Discussions about postpartum depression in Pakistan often focus on urban settings, where awareness is spread through social media, clinics, and educated circles with internet access and professional support. However, the reality shifts dramatically when one moves beyond city boundaries into the mountainous regions of Gilgit-Baltistan, the remote valleys of Khyber Pakhtunkhwa, and the vast plains of interior Sindh and southern Punjab.
In these rural communities, postpartum depression is largely unknown and unnamed. Mothers struggling with this condition are frequently perceived as weak, ungrateful, or spiritually deficient. The repercussions of this silence extend beyond emotional distress, impacting physical health and future generations.
Many women in rural Pakistan enter pregnancy already malnourished; nearly 42 percent of women of reproductive age suffer from anemia before pregnancy’s physical demands begin. This nutritional deficiency affects their children as well. UNICEF’s 2024 report reveals that 40 percent of Pakistani children under five experience stunted growth due to poor early nutrition, with rates rising to 46 percent in Balochistan and 45 percent in Sindh. Pakistan ranks third globally for the highest number of stunted children, with only minimal annual improvement.
In these isolated communities, there is no language or cultural understanding to describe postpartum depression. Mothers who cannot emotionally connect with their newborns may be accused of ingratitude. Those who cry without clear reasons might be blamed for bringing negative energy into the household. Women unable to get out of bed are often told to pray harder or try more, rather than receive medical or psychological help. These reactions stem from a lack of awareness rather than malice, highlighting the need for education and outreach.
Research shows a strong connection between maternal malnutrition and postpartum depression. Deficiencies in iron, folate, and omega-3 fatty acids increase vulnerability to neurological and hormonal imbalances that cause postpartum depression. In rural Pakistan, where malnutrition and mental health issues are widespread, these conditions reinforce each other, creating a difficult cycle to break.
A malnourished mother suffering from postpartum depression is less capable of caring for and nourishing her infant, placing the child at a lifelong disadvantage. Behind these challenges is a mother who desperately needs support but rarely receives it.
Even when postpartum depression is recognized, the healthcare infrastructure to provide treatment is severely lacking. Pakistan has only 0.19 psychiatrists per 100,000 people, one of the lowest ratios worldwide. In rural areas, this equates to roughly one psychiatrist per million people. Mental health receives just 0.4 percent of the national health budget, resulting in a treatment gap of nearly 90 percent. For rural mothers facing additional barriers such as distance, mobility restrictions, and stigma, access to care is even more limited.
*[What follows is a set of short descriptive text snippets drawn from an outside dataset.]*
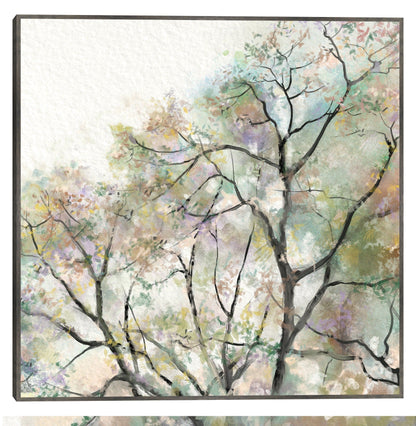 Sueño de verano - Studio Arts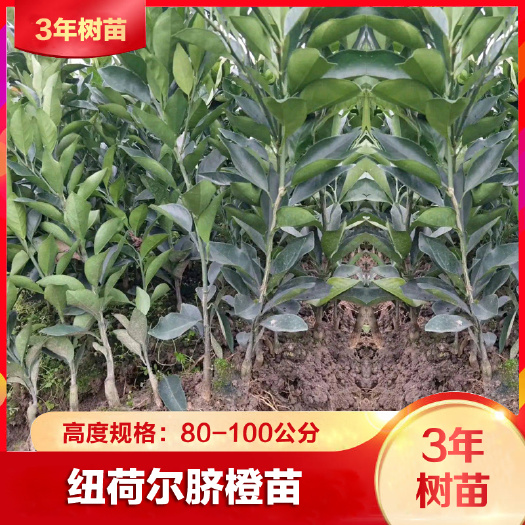 安远县赣南脐橙苗 赣南脐橙 纽荷尔脐橙苗3年苗10颗（包邮）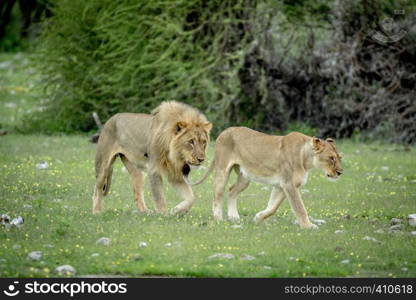 Mating couple of Lions in the grass in the Etosha National Park, Namibia.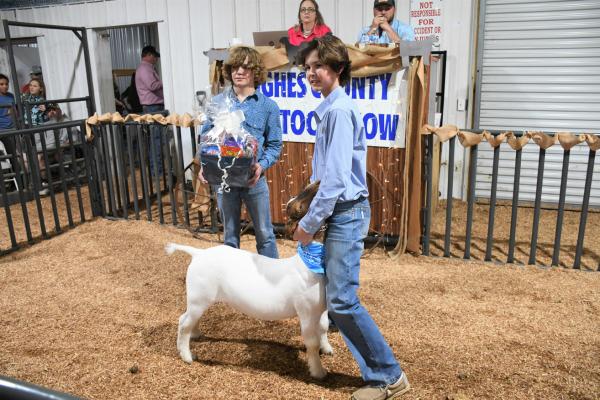 Tredyn Armstrong- Res Champion Div 6 Wether Goat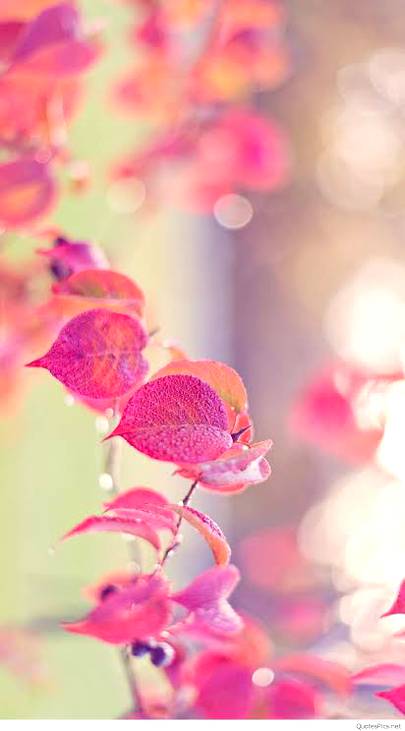 colour of LIFE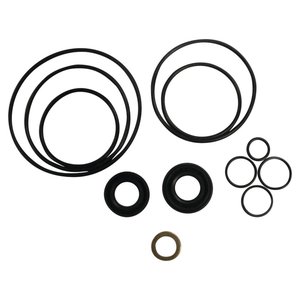 Power Steering Pump Seal Kit, Ford/New Holland 83910500 — Part #EAP-198035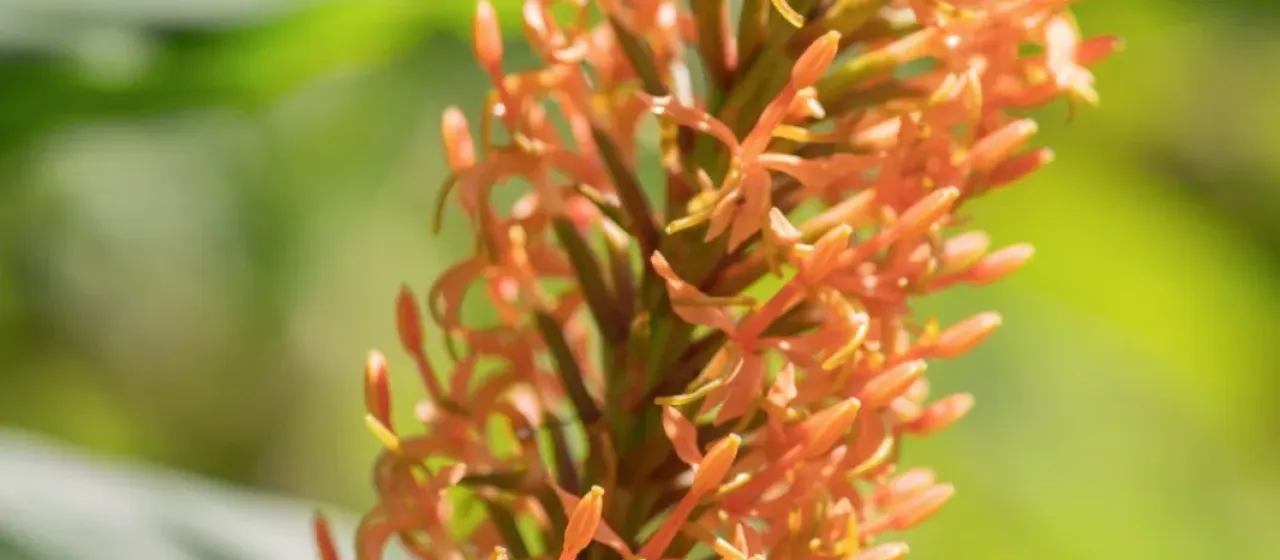 Hedychium densiflorum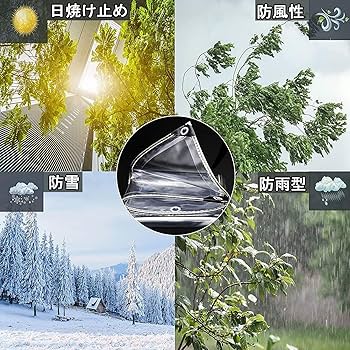 81T9SsIbiaL._AC_UF350,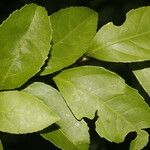 Casearia aculeata Leaf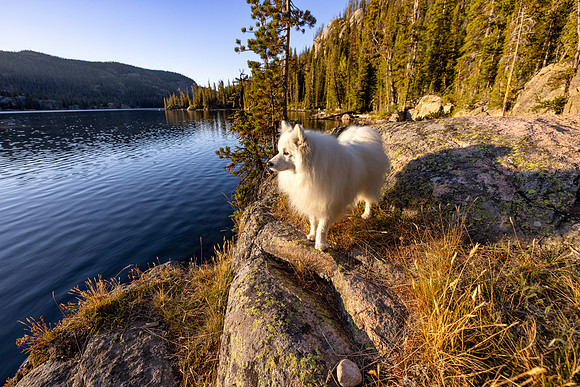 CGNF, AB Wilderness: Granite Lake (13)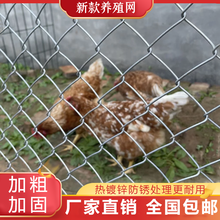 养殖勾花网价格报价行情 京东 养殖勾花网价格报价行情 京东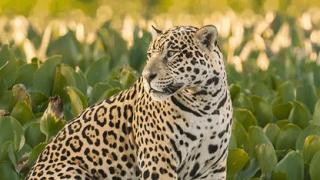 jaguars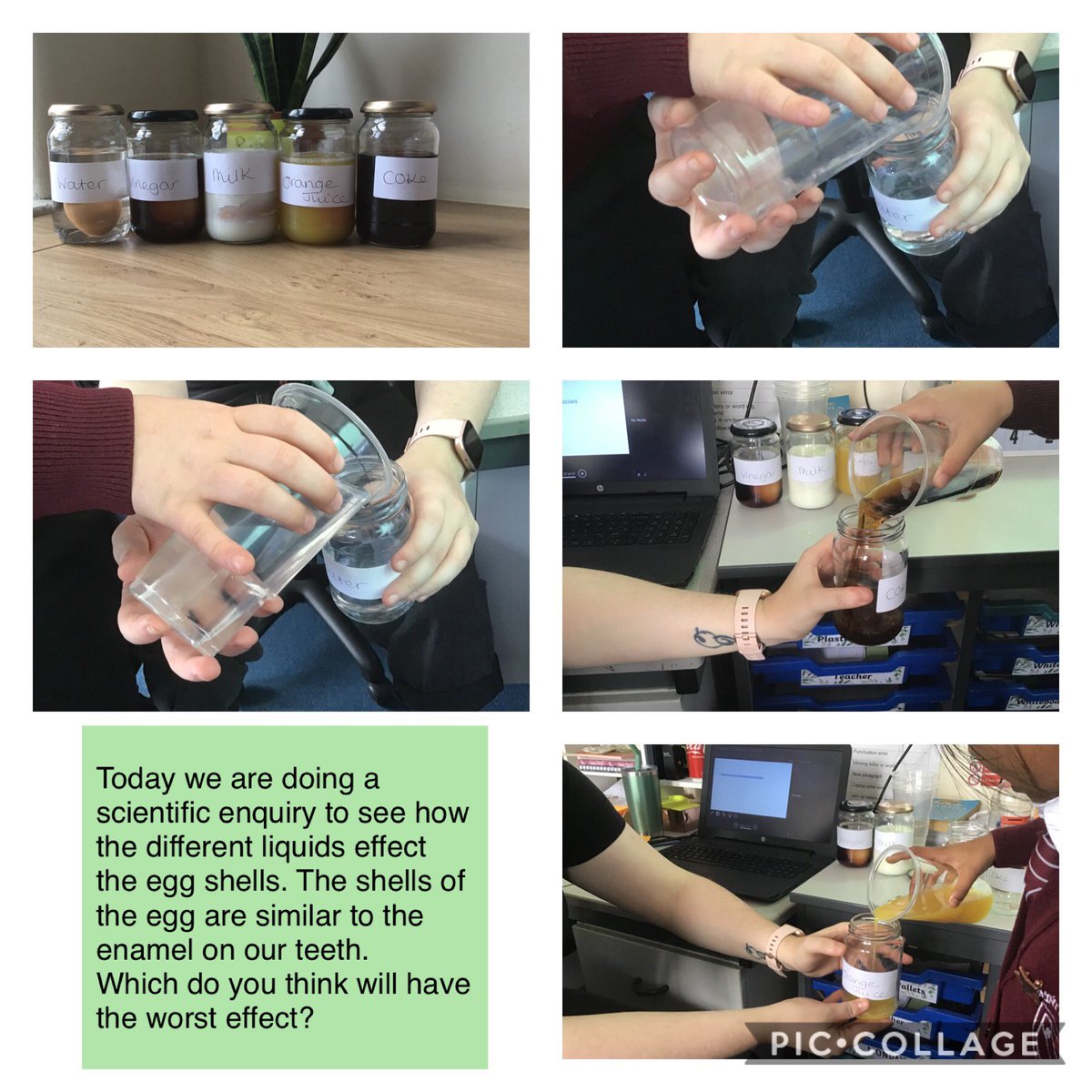 StCeciliascjs's tweet photo. Year 4 completed their ‘egg-speriment’ today. They had a look at the effect different food and drinks have on enamel. 

#StCeciliasScience https://t.co/bZC0j61ZfW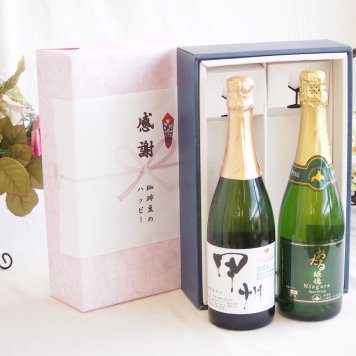 感謝の贈り物ボックス 穂坂甲州種ぶどう100%辛口スパークリングワインと国産ワインセット(おたる醸造 ナイアガラス白パークリングワインやや甘口(北海道)720mlシャンモリ柑橘香 穂坂甲州スパークリングワイン(山梨県)750ml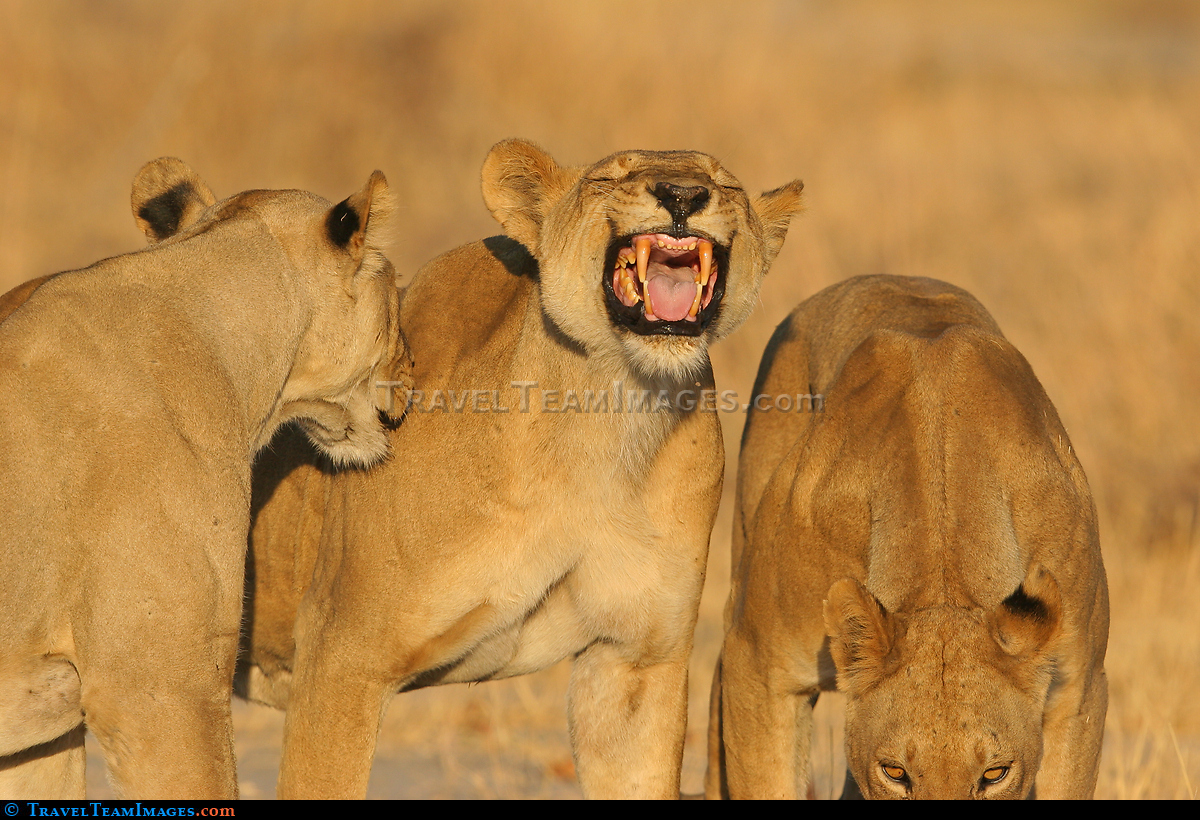 Lion Flehmen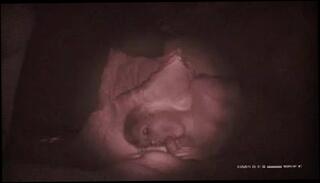 Video 285575701: double cock dildo, double penetration threesome, cuckold double penetration, double blowjob threesome, two cocks double, straight threesome, two hard cocks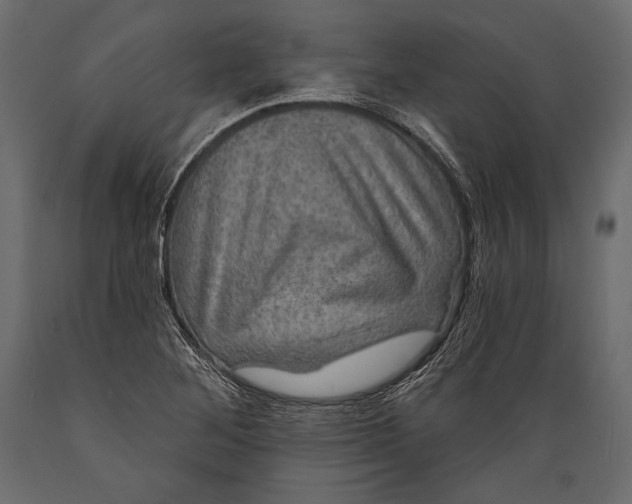 X0000088851268200706291447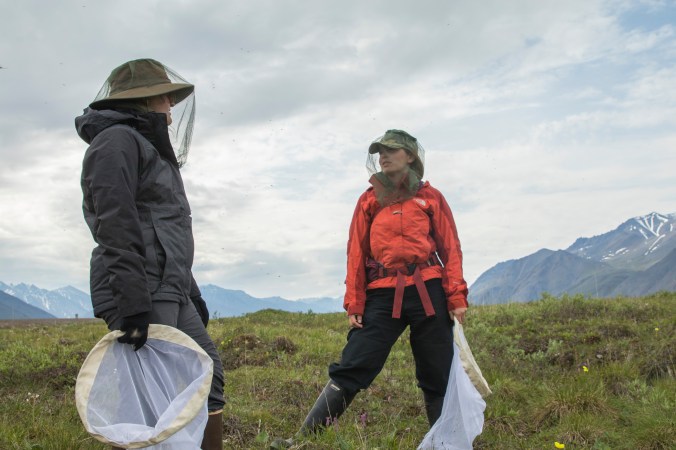 2016_Arctic_Bumblebee_24_SN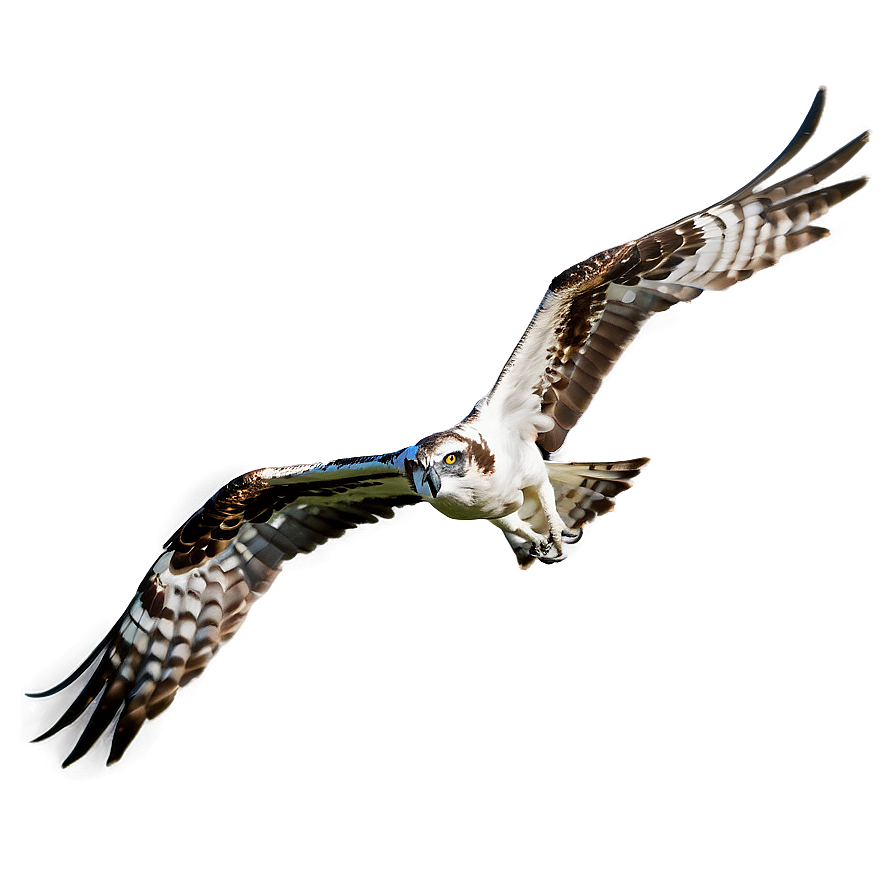 Majestic Osprey In Flight Png Wux28 PNG image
Dr. Amina Iftikhar, a psychologist based in Lahore, notes that women from rural backgrounds tend to present with more severe and prolonged postpartum depression than their urban counterparts. She recalls a patient named Saira, 24, from Rahim Yar Khan, who traveled 12 hours by bus to seek help. Initially brought in under the pretense of a general checkup, it took several sessions before Saira could articulate her experience of emotional emptiness following childbirth. For eight months, she remained silent, as her community only attributed her feelings to ingratitude. It was later discovered that she had been anemic during both pregnancies, with malnutrition and depression intertwined and unrecognized until she reached clinical care.
Saira’s case is not unique; what is exceptional is that she accessed treatment at all. Many women in similar situations remain in their villages, labeled as weak or spiritually failing, silently deteriorating while caring for others. Urban women often seek help within weeks, but rural women, if they seek help at all, do so after their condition has worsened significantly. At that point, treatment must address not only postpartum depression but also the effects of prolonged neglect and physical exhaustion predating pregnancy.
Dr. Iftikhar emphasizes the significant gap between awareness and access in Pakistan. While urban awareness has improved, access to mental health care has not expanded sufficiently, especially in the areas most in need.
The scale of this issue can feel overwhelming. The vast geography, entrenched stigma, and infrastructural deficiencies present formidable challenges. Yet, the mothers of rural Pakistan—whether in Tharparkar, Kohistan, or interior Punjab—deserve recognition and support. An estimated 24 million people in Pakistan require psychiatric care today, but most will never receive it due to lack of access rather than absence of need.
This raises a crucial question: In a country where millions of mothers cannot reach mental health services, can those services be brought to them? Collaboration among government, civil society, and the corporate sector—leveraging communication networks, corporate social responsibility initiatives, and public influence—could help break the silence surrounding postpartum depression and ensure more mothers feel seen, heard, and supported.
Addressing this question is essential, as the solution, if found, could transform the lives of countless mothers and children across rural Pakistan.